## Directions for this task
Return the stretch from the line with "This will stop" through the line with "If you give" in the data below, character for character, skipping all pictures.
=== Provided information ===
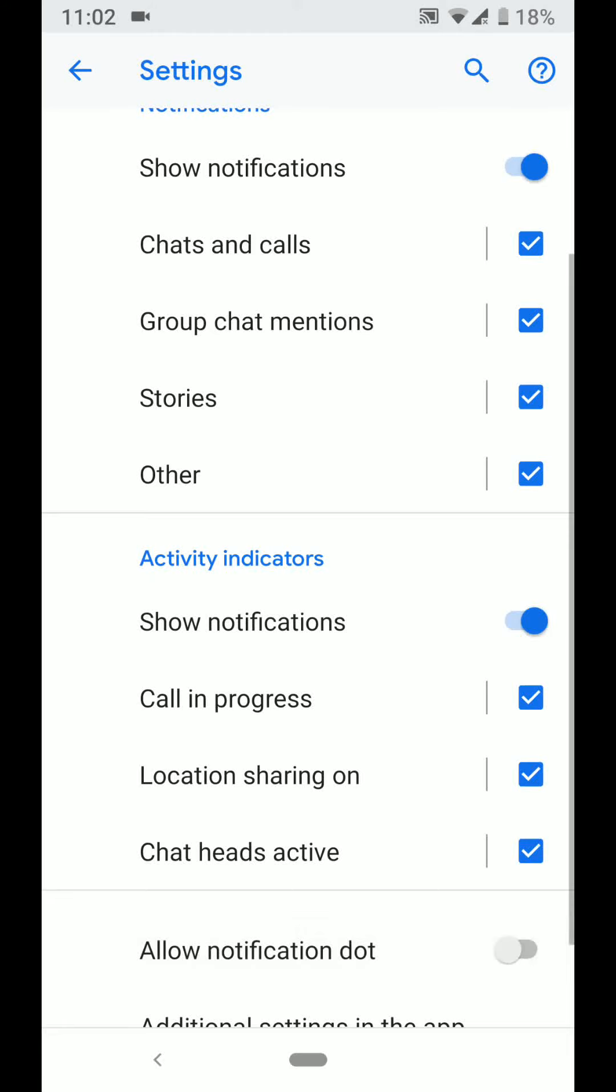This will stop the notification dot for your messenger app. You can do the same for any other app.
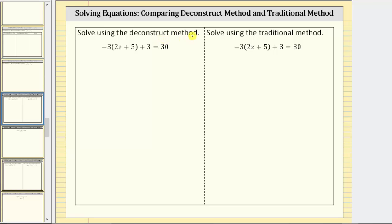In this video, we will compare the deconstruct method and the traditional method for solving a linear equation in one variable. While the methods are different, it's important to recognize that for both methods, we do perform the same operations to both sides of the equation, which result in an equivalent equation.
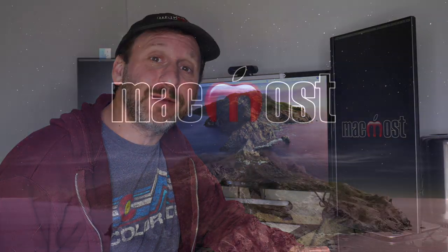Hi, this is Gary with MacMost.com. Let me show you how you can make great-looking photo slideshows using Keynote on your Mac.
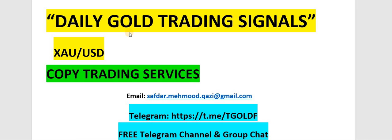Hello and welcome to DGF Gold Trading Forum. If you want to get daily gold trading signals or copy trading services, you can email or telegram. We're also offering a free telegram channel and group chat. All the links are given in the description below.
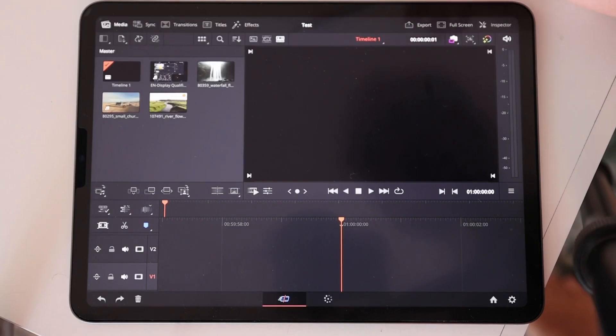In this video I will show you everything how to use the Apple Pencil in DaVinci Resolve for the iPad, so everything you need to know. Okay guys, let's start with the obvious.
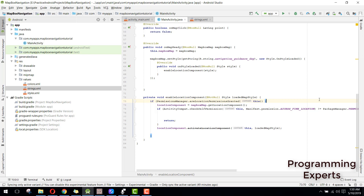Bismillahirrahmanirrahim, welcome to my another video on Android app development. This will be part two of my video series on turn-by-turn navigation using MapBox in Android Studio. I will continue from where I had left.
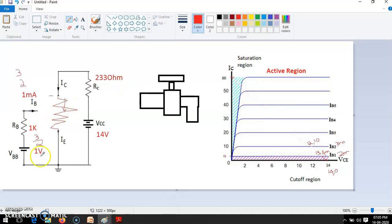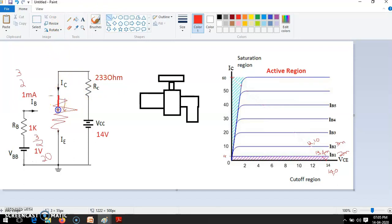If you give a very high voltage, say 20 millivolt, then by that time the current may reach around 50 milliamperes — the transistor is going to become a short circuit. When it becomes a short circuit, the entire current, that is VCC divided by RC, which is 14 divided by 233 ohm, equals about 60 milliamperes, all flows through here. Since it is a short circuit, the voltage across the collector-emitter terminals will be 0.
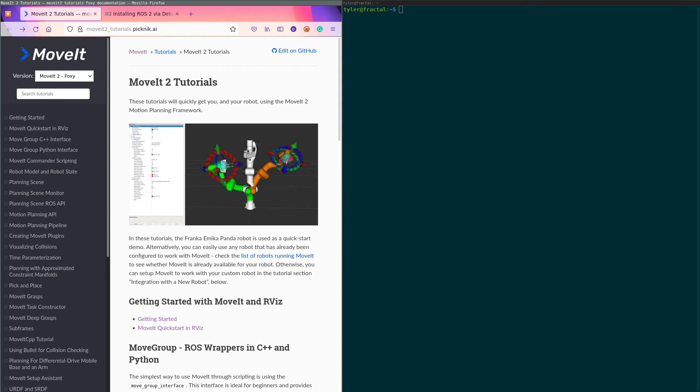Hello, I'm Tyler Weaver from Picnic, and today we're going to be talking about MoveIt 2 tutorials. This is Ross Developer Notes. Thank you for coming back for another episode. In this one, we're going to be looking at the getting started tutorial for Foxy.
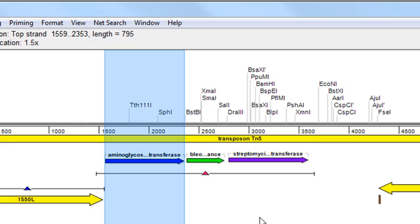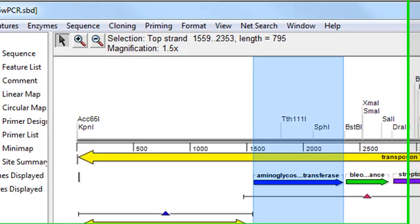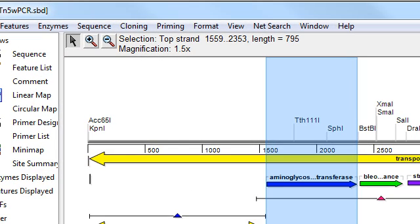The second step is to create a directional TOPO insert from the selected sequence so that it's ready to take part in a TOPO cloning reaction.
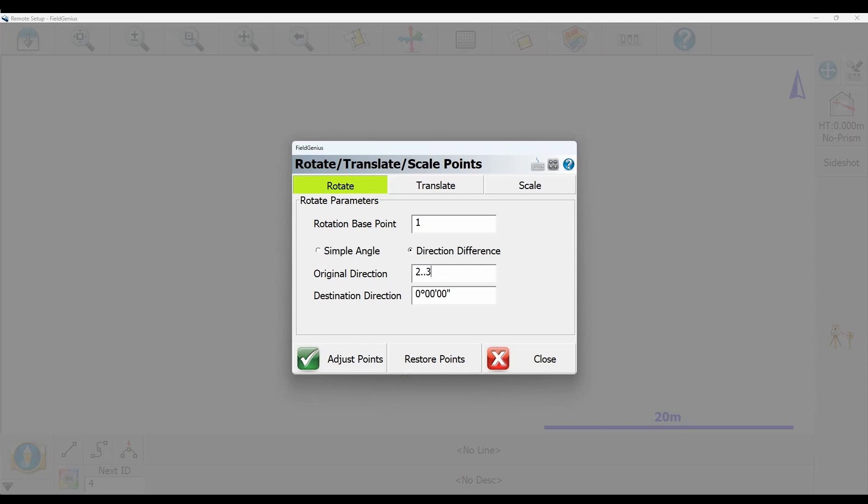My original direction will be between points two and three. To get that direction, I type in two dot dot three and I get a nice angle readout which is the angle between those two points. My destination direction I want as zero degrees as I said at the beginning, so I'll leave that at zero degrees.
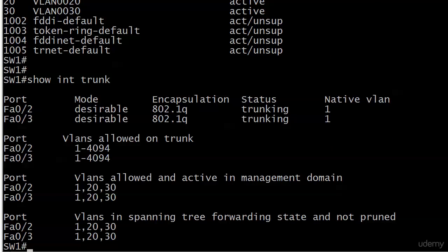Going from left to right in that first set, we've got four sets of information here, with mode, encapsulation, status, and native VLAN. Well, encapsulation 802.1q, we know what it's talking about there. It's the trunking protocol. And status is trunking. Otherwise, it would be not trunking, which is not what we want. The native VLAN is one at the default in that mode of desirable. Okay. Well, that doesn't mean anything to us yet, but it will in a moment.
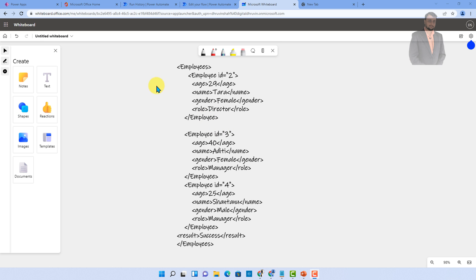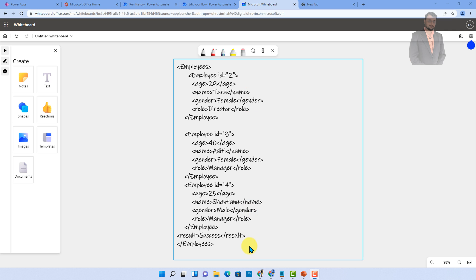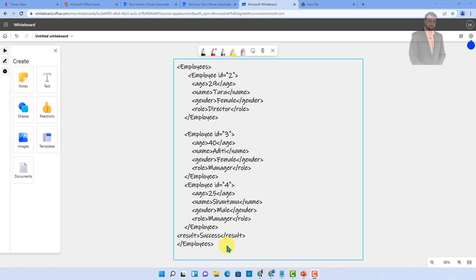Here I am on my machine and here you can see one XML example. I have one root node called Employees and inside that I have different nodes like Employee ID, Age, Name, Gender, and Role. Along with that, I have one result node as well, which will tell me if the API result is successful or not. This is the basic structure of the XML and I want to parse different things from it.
===
=== Provided information ===
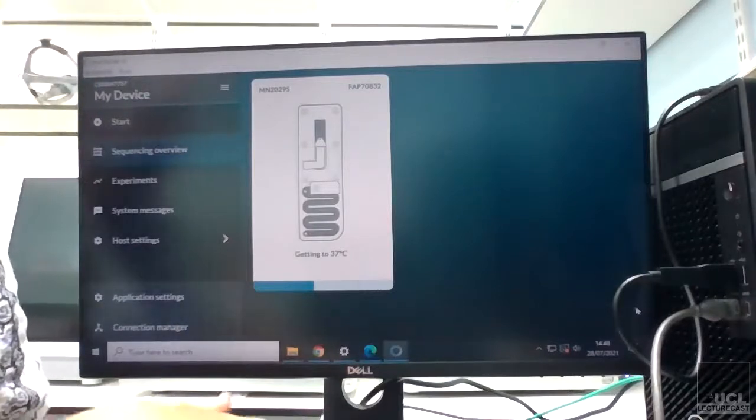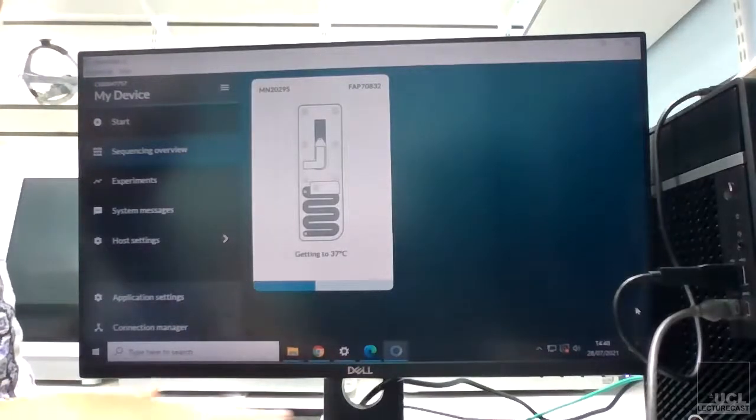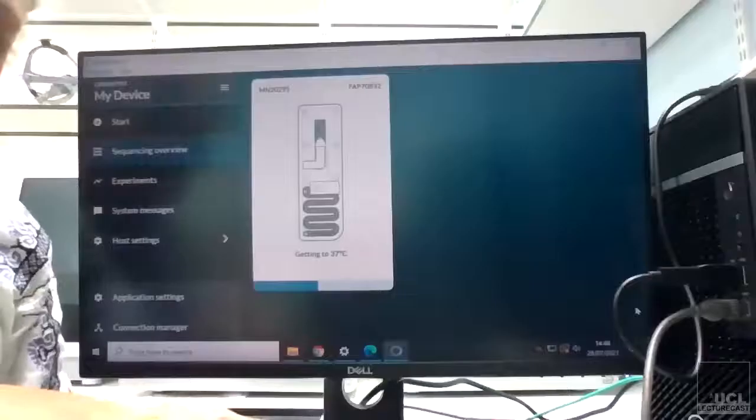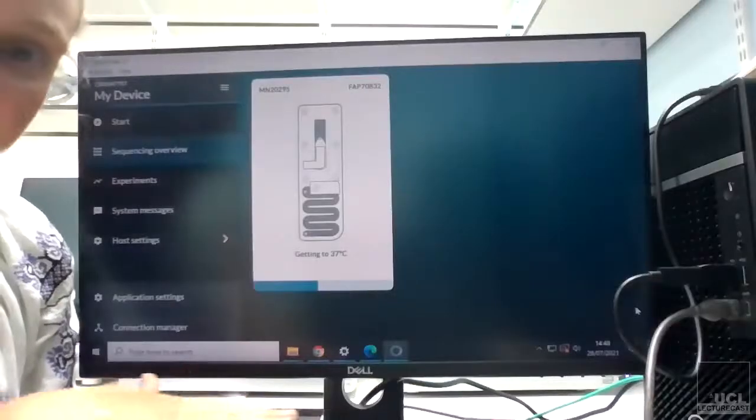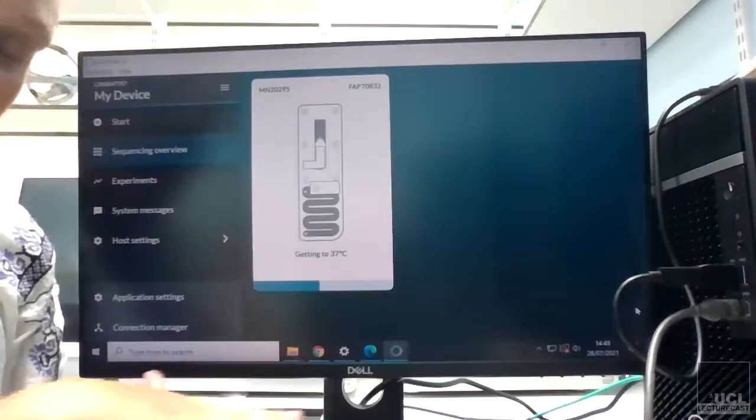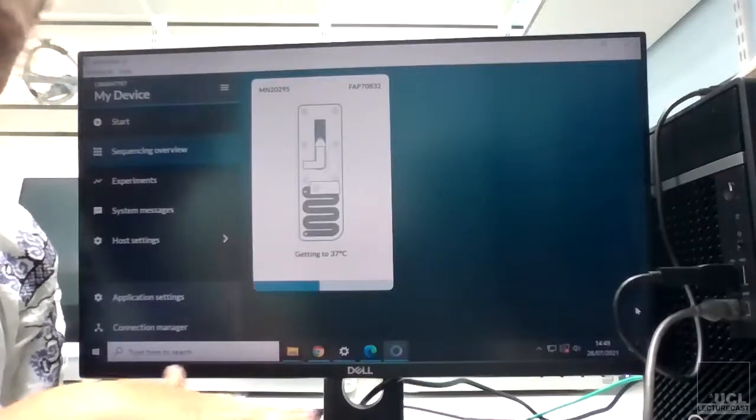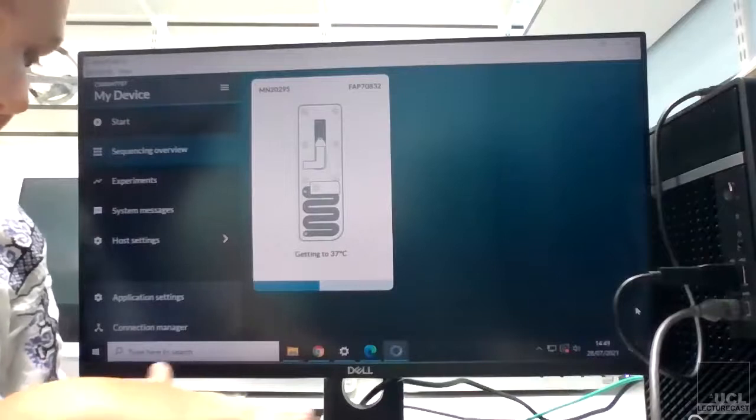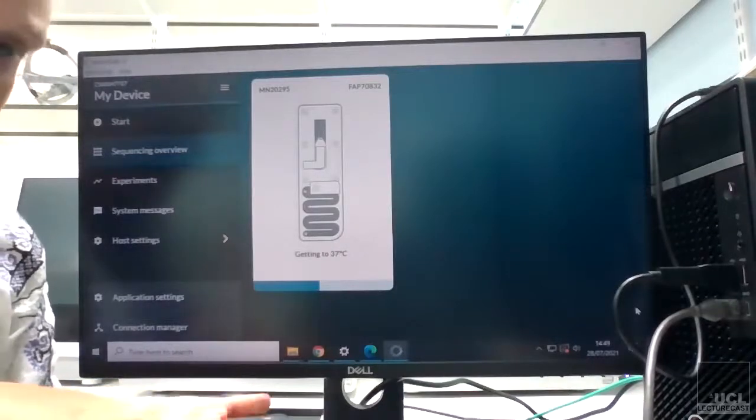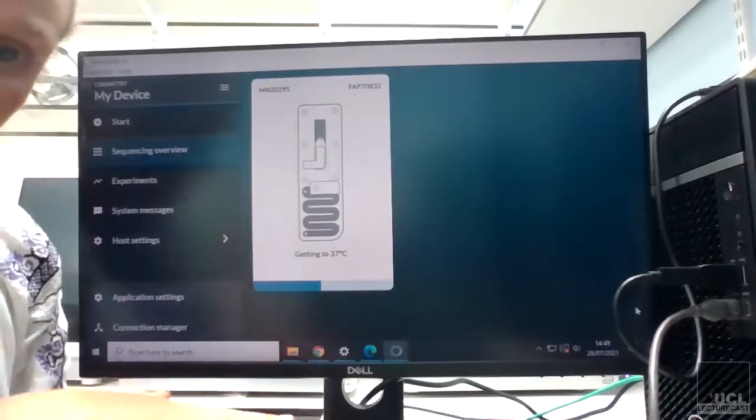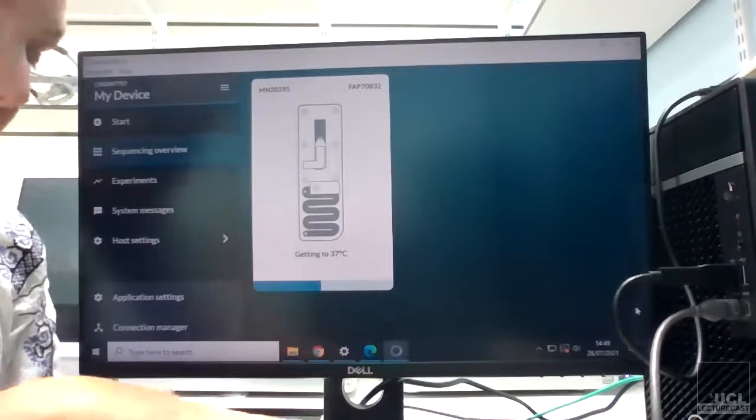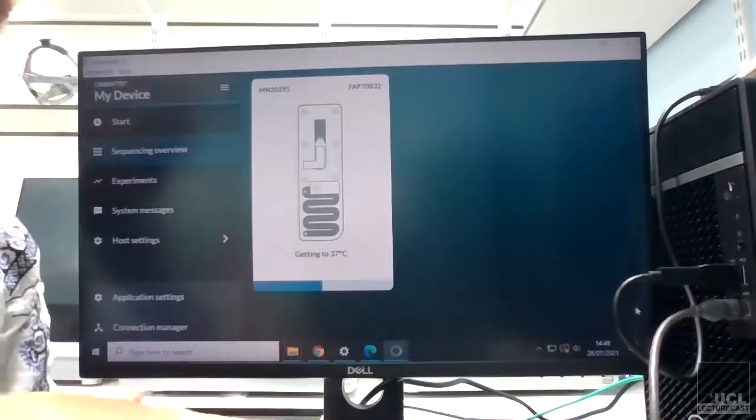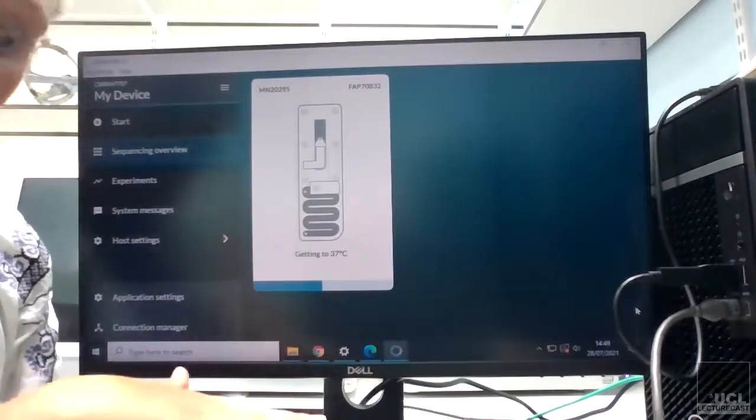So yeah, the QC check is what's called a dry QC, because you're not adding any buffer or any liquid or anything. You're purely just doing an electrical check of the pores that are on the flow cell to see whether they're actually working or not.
===
=== Provided information ===
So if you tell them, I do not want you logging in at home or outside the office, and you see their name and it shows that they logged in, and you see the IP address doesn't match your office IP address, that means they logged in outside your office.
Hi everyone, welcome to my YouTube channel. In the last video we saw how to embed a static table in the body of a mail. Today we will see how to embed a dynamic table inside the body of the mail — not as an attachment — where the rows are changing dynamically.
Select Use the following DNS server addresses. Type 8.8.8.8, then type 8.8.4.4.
===
## Solution to the problem
This will stop the notification dot for your messenger app. You can do the same for any other app.
In this video, we will compare the deconstruct method and the traditional method for solving a linear equation in one variable. While the methods are different, it's important to recognize that for both methods, we do perform the same operations to both sides of the equation, which result in an equivalent equation.
Hi, this is Gary with MacMost.com. Let me show you how you can make great-looking photo slideshows using Keynote on your Mac.
Hello and welcome to DGF Gold Trading Forum. If you want to get daily gold trading signals or copy trading services, you can email or telegram. We're also offering a free telegram channel and group chat. All the links are given in the description below.
In this video I will show you everything how to use the Apple Pencil in DaVinci Resolve for the iPad, so everything you need to know. Okay guys, let's start with the obvious.
Bismillahirrahmanirrahim, welcome to my another video on Android app development. This will be part two of my video series on turn-by-turn navigation using MapBox in Android Studio. I will continue from where I had left.
If you give a very high voltage, say 20 millivolt, then by that time the current may reach around 50 milliamperes — the transistor is going to become a short circuit. When it becomes a short circuit, the entire current, that is VCC divided by RC, which is 14 divided by 233 ohm, equals about 60 milliamperes, all flows through here. Since it is a short circuit, the voltage across the collector-emitter terminals will be 0.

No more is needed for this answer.